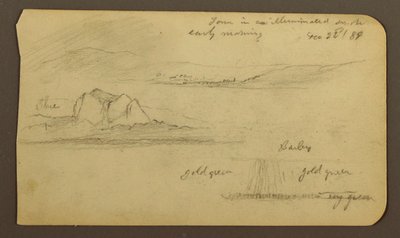 Dibujo, Paisajes de montaña; Verso: Flanco de montaña, Tocatecas, 22 de diciembre de 1884 de Frederic Edwin Church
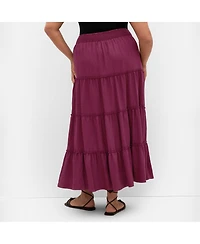 City Chic Women's Boho Tiered Maxi Skirt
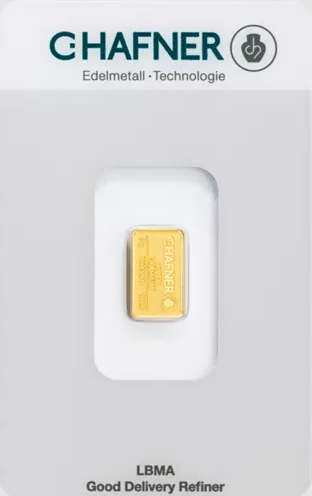 C. Hafner 2 Gramm 999.9 Goldbarren in Blister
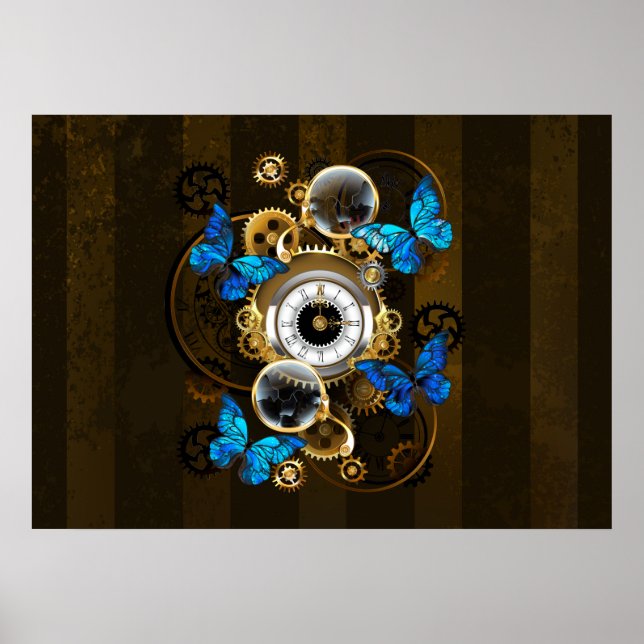 Steampunkgeere und blaue Schmetterlinge Poster (Vorne)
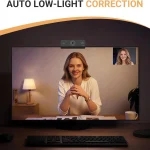 HD 1080P USB Webcam for PC Plug and Play Computer Camera 6 | PricZone Video call on a desktop monitor showing a smiling woman a webcam sits above the screen and a small inset shows another participant | PricZone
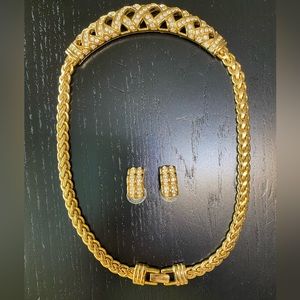 Swarovski 18k gold plated heavy necklace with matching earrings.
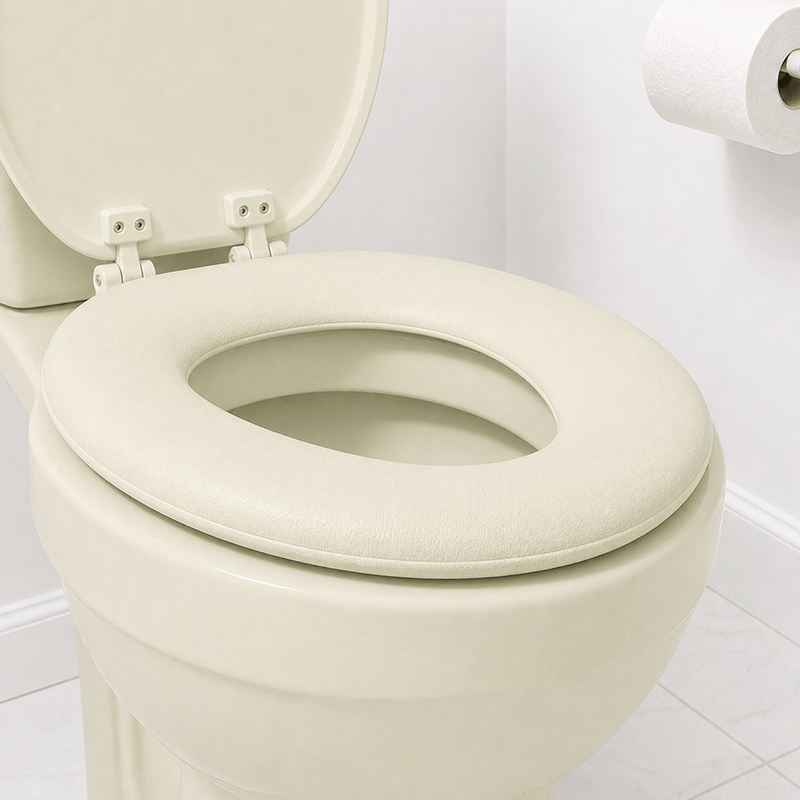 Close-up of padded cushioned beige toilet seat by Plexon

_____

* _YOUR ASSIGNMENT_
Repeat, exactly and in full, every entry in the data, but not the pictures.

* _ANSWER SECTION_
 Dibujo, Paisajes de montaña; Verso: Flanco de montaña, Tocatecas, 22 de diciembre de 1884 de Frederic Edwin Church
 City Chic Women's Boho Tiered Maxi Skirt
 C. Hafner 2 Gramm 999.9 Goldbarren in Blister
 Steampunkgeere und blaue Schmetterlinge Poster (Vorne)
 HD 1080P USB Webcam for PC Plug and Play Computer Camera 6 | PricZone Video call on a desktop monitor showing a smiling woman a webcam sits above the screen and a small inset shows another participant | PricZone
 Swarovski 18k gold plated heavy necklace with matching earrings.
 Close-up of padded cushioned beige toilet seat by Plexon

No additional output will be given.